La lumière devient donc une problématique centrale dans l’œuvre, à la fois objet d’un constat quant à son rôle dans la constitution de territoires nocturnes, elle est aussi le symbole des aménagements effectués par les autorités afin de régler notre environnement. Le dernier projet d’Eric Foucault, Ah ! ça ira ça ira ça ira, qui associe la forme du lampadaire à celle de la potence, est sans ambiguïté sur le rôle historique que joue l’éclairage public comme outil de surveillance imposé par le pouvoir, tel que Michel Foucault à pu l’affirmer avec Surveiller punir. Par extension, dans les installations Poursuite et Stéréovision, respectivement de 2001 et 2002, c’est le téléviseur qui est pointé comme source lumineuse, faisant ici référence aux idées développées par Paul Virilio dans La Machine de Vision. La performance Parmi la nuit, réalisée en 2005, qui reprend ce type de dispositif, pose clairement la question d’un parallèle entre espace scénique et espace éclairé, comme si l’éclairage public mettait en scène le moindre de nos gestes au vu et au su de tous.

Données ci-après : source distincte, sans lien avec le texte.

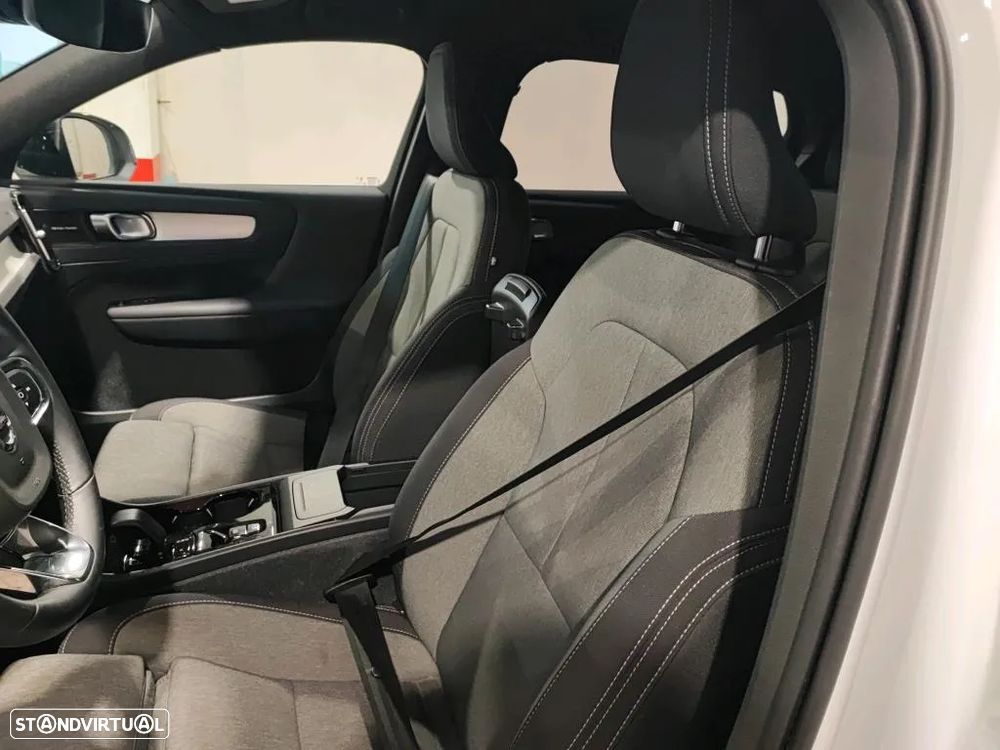 Volvo XC 40 1.5 T2 Plus Dark Auto - 5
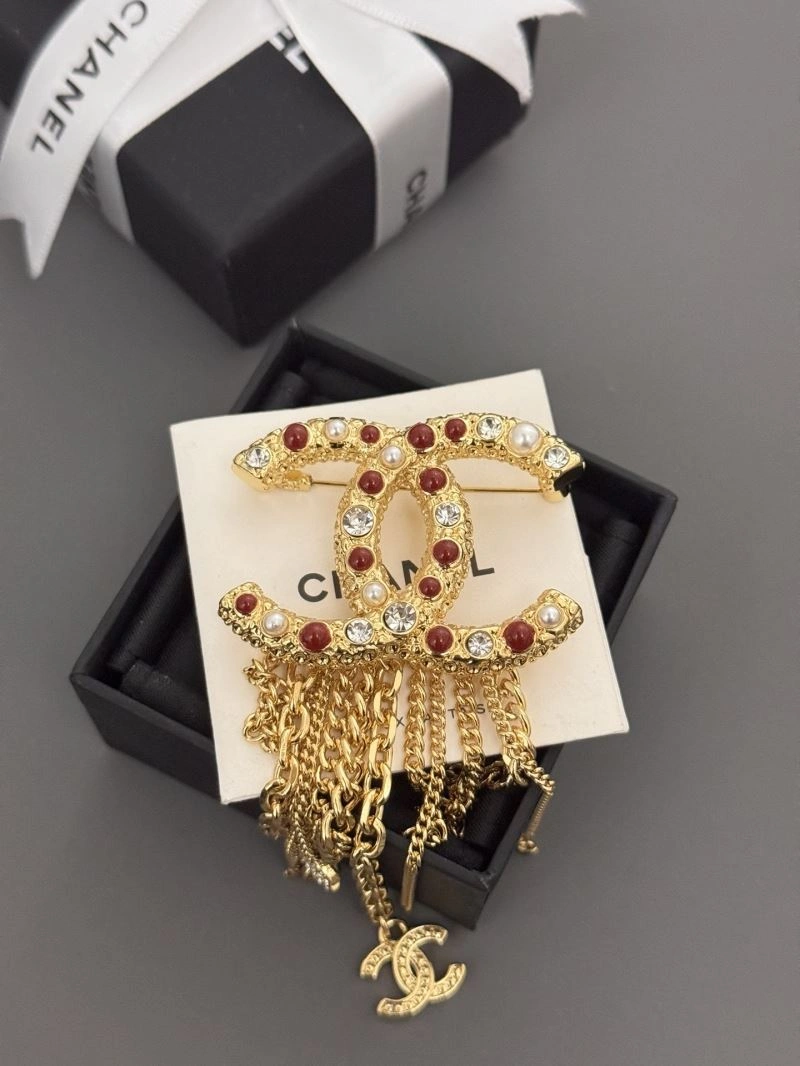 Unique Chanel Brooches 228133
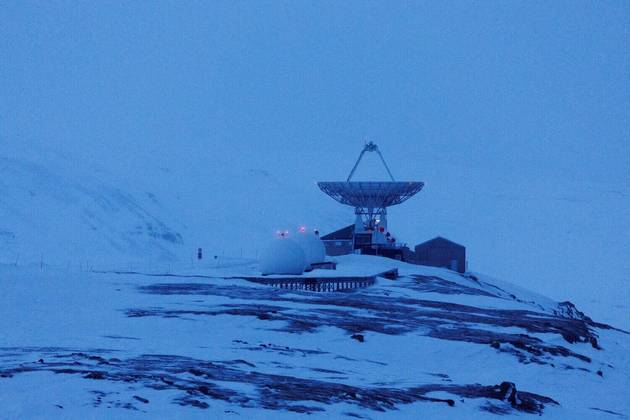 A região de Ny-Aalesund, localizada no arquipélago Svalbard, no extremo norte da Noruega, abriga uma série de estações de pesquisa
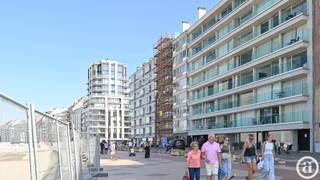 Prachtig vakantie appartement met 3 slaapkamers, volledig vernieuwd in de Zuiderse Ibiza-stijl, op een toplocatie te Zeedijk-Zoute. <br />In de nabije omgeving vindt u allerlei goede restaurants, bistro's, alsook vele boetieks. <br /><br />Indeling: inkomhal met vestiaire, gastentoilet, praktische berging met aansluiting wasmachine en droogkast, moderne open keuken met kookeiland en voorzien van alle comfort (fineer eiken houten kasten met veel opbergruimte, wijnfrigo, quooker kraan, Miele ovens).<br />Living met salon en eetplaats in parketvloer en met magnifiek uitzicht op zee !<br />Via de nachthal bereiken we 3 volwaardige slaapkamers. Er zijn 2 grote slaapkamers met dubbele bedden en ingebouwde kleerkasten. Beide kamers hebben een eigen badkamer en geven uit op het terras achteraan. <br />De master bedroom heeft haar eigen badkamer met een ligbad, inloopdouche in mortex en lavabomeubel, alsook ingebouwde extra kasten (dressing). De 2e kamer heeft ook haar ensuite ruime douchekamer.<br /><br />De derde slaapkamer (goed voor een enkel bed of stapelbed) heeft ook haar eigen douchekamer en een buitenraam. <br />Airco voorzien in het appartement. <br /><br />Private berging op de benedenverdieping. Mogelijkheid tot huren van een goede garagebox onder het Albertplein. <br />EPC : 174kWh/m² (UC: 3382728)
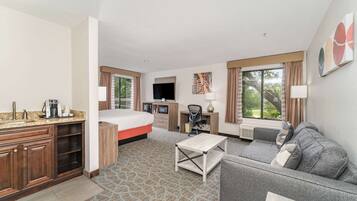 Edredón, camas con pillow-top y escritorio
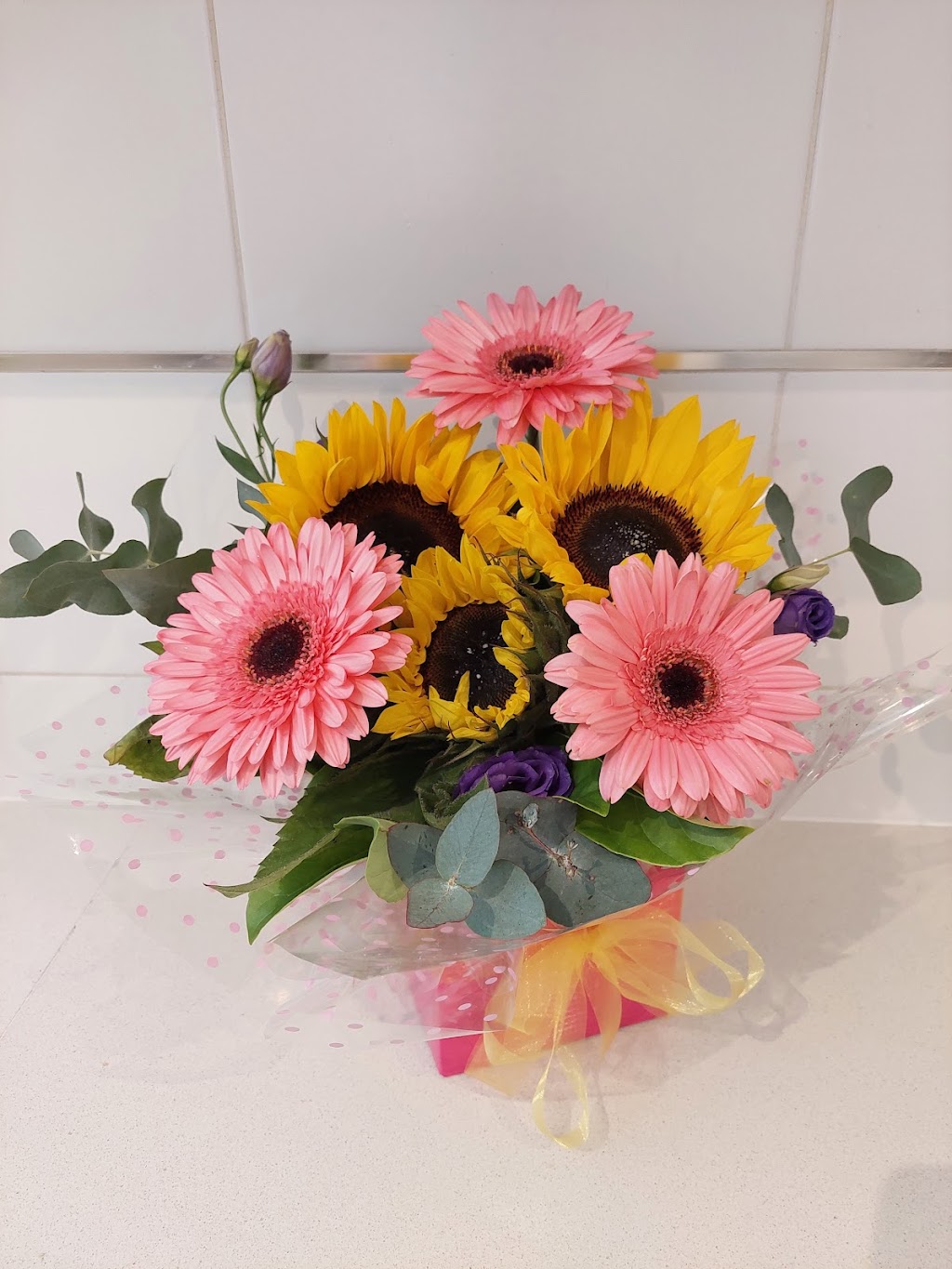 Flowers In The Bay | florist | Riverside Cres, Haywards Bay NSW 2530, Australia | 0414872518 OR +61 414 872 518
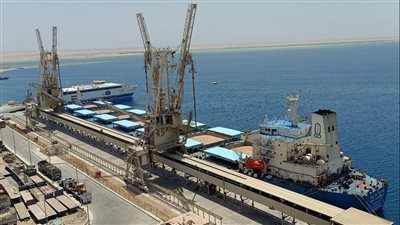 تصدير 23 ألف طن فوسفات عبر ميناء سفاجا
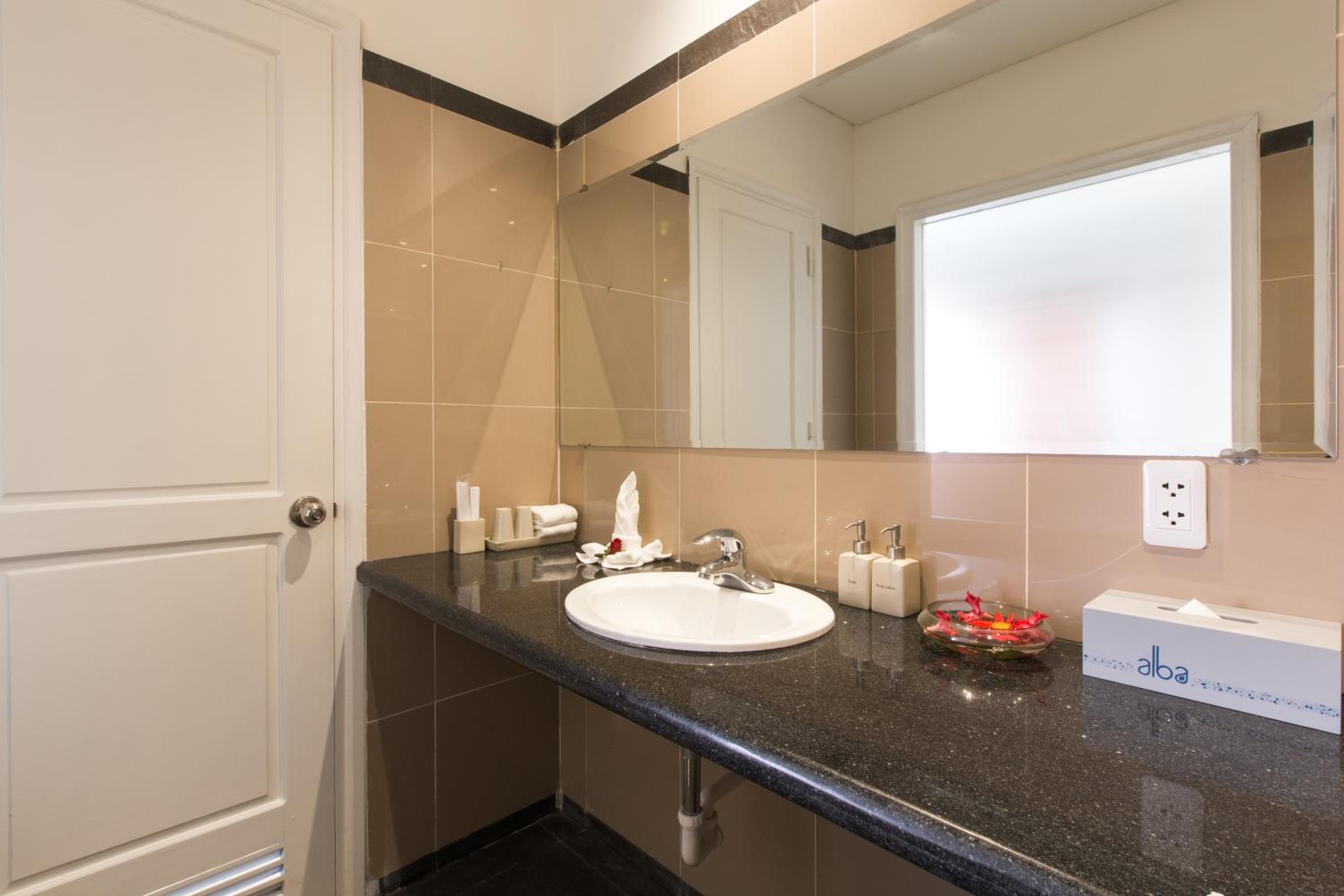 Deluxe Double or Twin Room with City View - Photo 9
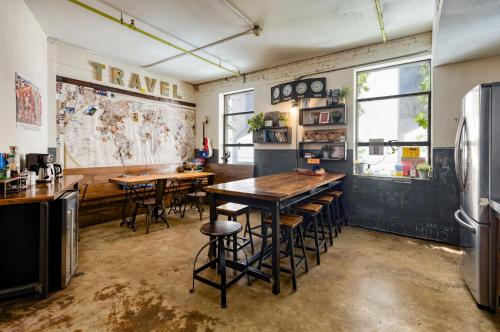 Konyha, Firehouse Hostel - Adults Only near Austin Kongresszusi Központ Konyha, Firehouse Hostel - Adults Only near Austin Kongresszusi Központ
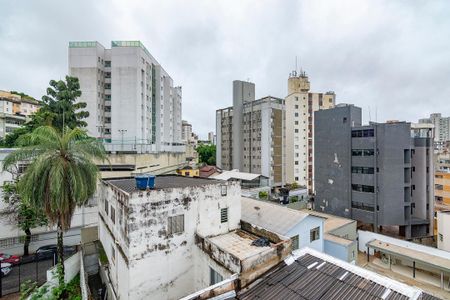 Apartamento para alugar com 260m², 5 quartos e 2 vagas Apartamento para alugar com 260m², 5 quartos e 2 vagasVaranda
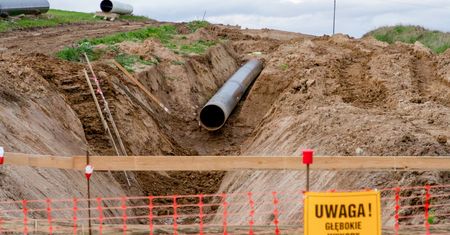 Startuje Baltic Pipe. "Zimę przetrwamy. Pytanie: co dalej?"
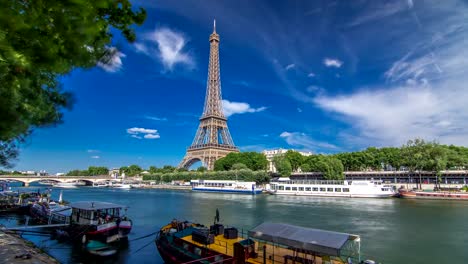 Der-Eiffel-Turm-Timelapse-Hyperlapse-von-Damm-am-Fluss-Seine-in-Paris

On voit ainsi comment chez Eric Foucault, l’observation se double toujours d’une réflexion, voire d’une prise de position sur les lieux qui nous entourent et la manière dont ils sont pensés par les autorités. Sans qu’il soit nécessaire d’appuyer sur le fait que les espaces et populations visés par la majorité de ses œuvres appartiennent à une portion presque niée de notre société, plusieurs de ses réalisations travaillent directement à renouveler le regard que nous portons sur ces territoires. De la sorte, l’artiste n’hésite pas à jouer des registres pour modifier l’échelle de valeur des espaces auxquels il s’intéresse. Buisson ardent, projet réalisé en 2002, en est un bon exemple. L’ancien « lieu de drague homosexuelle » qu’il décide d’étudier devient l’objet d’une mise en scène qui prend la forme de fouilles archéologiques filmées. Une fois ce chantier terminé, les « résidus » mis à jour sur place sont exposés et même muséifiés puisqu’ils sont présentés, tirés à quatre épingles, dans de véritables vitrines cernées de bois comme on en voit encore dans certains musées. Quand il fait appel aux outils d’évaluation et de représentation du géographe ou du sociologue la démarche est semblable ; il s’agit bien d’utiliser ces outils intellectuels afin de réévaluer des lieux non considérés. De nouveau, dans le cadre de la destruction de la ZUP Croix-Chevalier de Blois, il propose – via le photomontage – d’avoir recours au « Façadisme », technique que l’on utilise pour conserver en partie des bâtiments remarquables ; la remise en question de la hiérarchisation habituelle des espaces est évidente. Le travail d’Eric Foucault, à travers ses différentes interventions, constitue donc un élément de remise en cause des conventions qui régissent notre environnement et contribue sans aucun doute à la construction d’un regard renouvelé sur les formes de notre ville, de sa périphérie et de ses espaces incertains.